A day to honor the arrival in Hope Town in the late 1700’s of Wyannie Malone and other Loyalists from the Carolinas.   Many of her descendants still live here.  Hope Town’s cottagers, cruisers and tourists celebrated with art, food and crafts. 

The children of the Hope Town Primary School opened with the Bahamian National Anthem.



Awards were given for the winners of the essay and art contests – the topic was a letter written home after arriving here by boat with Wyannie Malone. 


A quilt made especially as a fund-raiser was raffled off, with proceeds to the Wyannie Malone Museum, a wonderful treasure right in downtown Hope Town.


Local artists sold their crafts.




Bahamian (chicken souse, conch salad and mac n’ cheese) and American cuisine (hot dogs) was available, along with scrumptious baked goods.  Historic Abaco dinghies were displayed.  They were once a primary means of travel here in the islands.  Many sailors are now working to restore them.

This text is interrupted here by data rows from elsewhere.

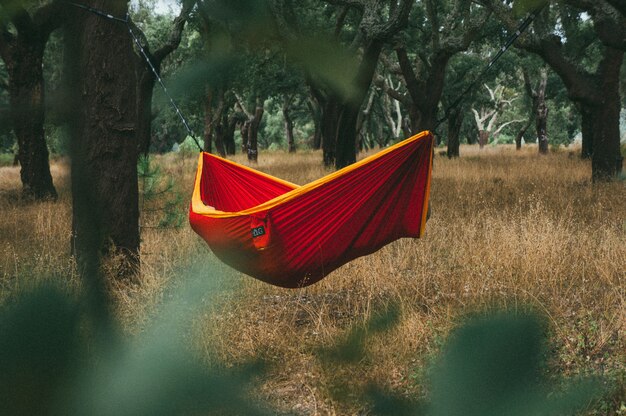 Red and yellow hammock hanging between tall trees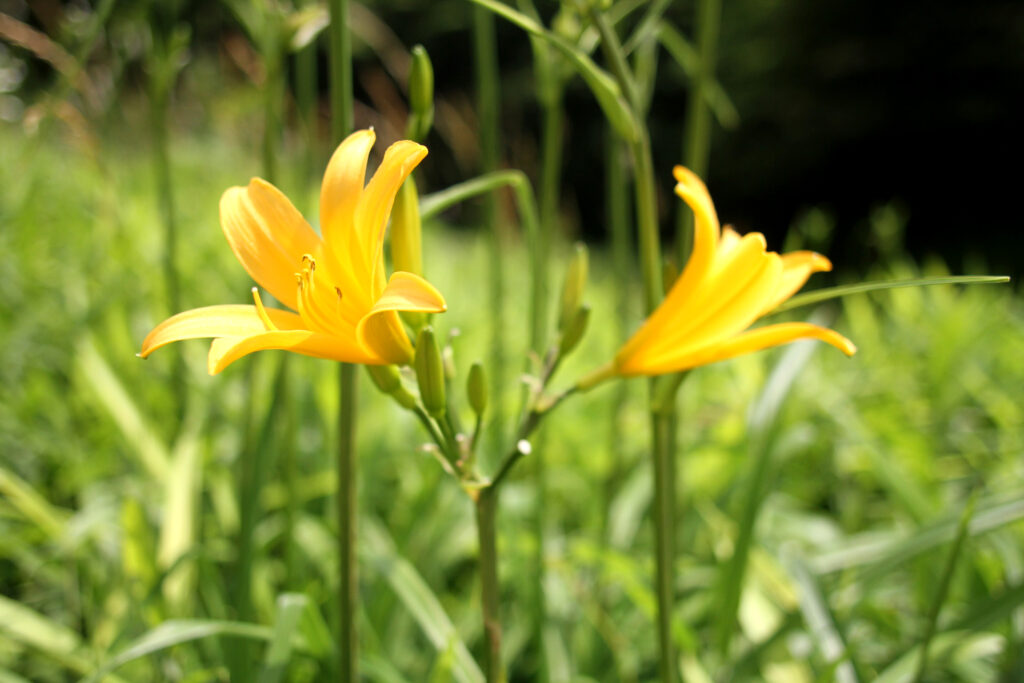 「夏を呼ぶ花」で知られるニッコウキスゲ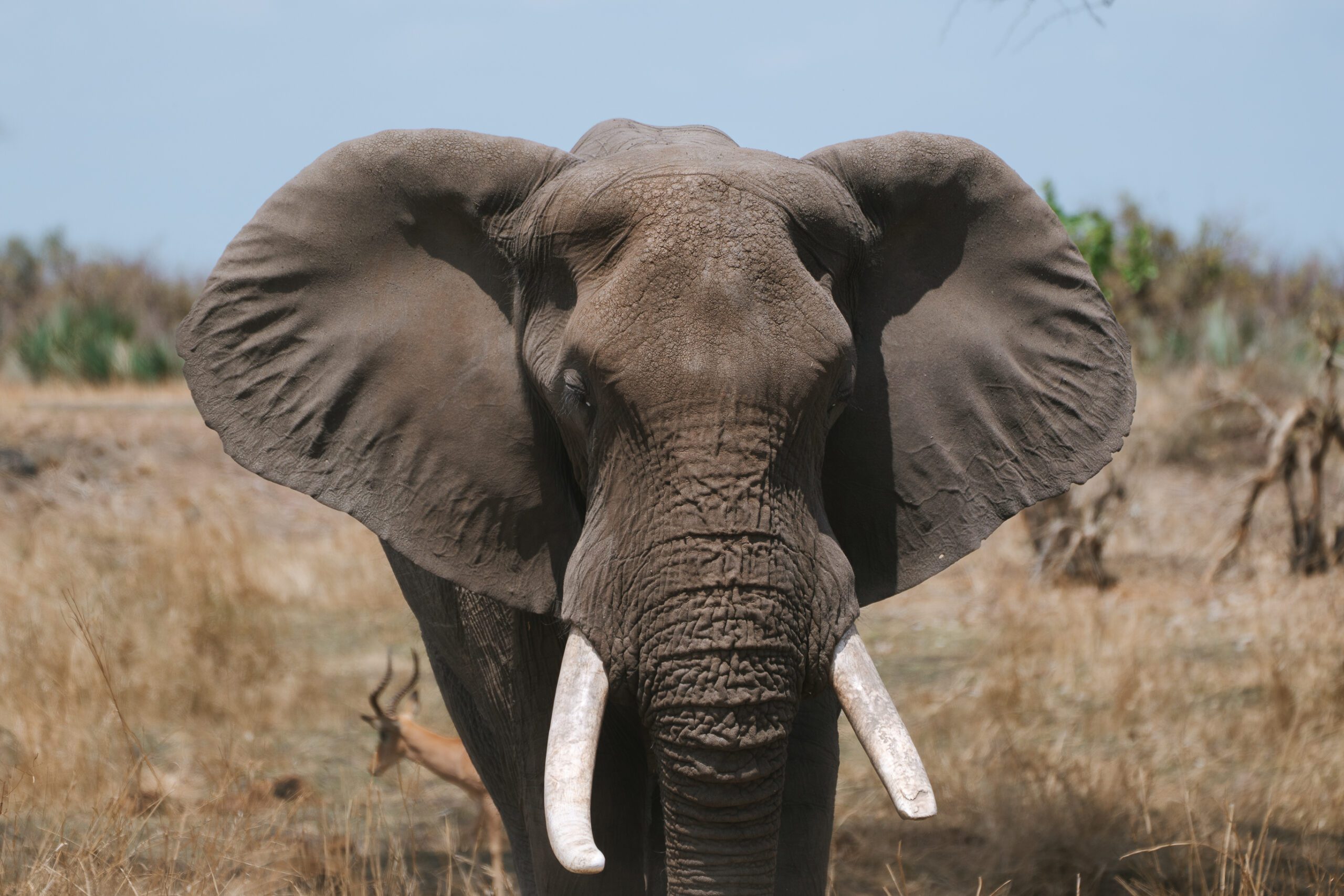 bull elephant in kruger national park south africa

Here’s a pirate learning to scull – a popular method of transportation when the wind dies.  It requires strength and dexterity to move the oar behind the boat with just the right motions to power the boat forward.


A fun day here in Abaco. 

3 thoughts on “Hope Town Heritage Day

  1. I love sculling. Everyone should learn. It’s like magic once you get the motion right. Used to do it on my father’s dingy, which had a U shaped cutout in the transom. I don’t see a cutout on Goldie’s photo, so I’m wondering how he did it.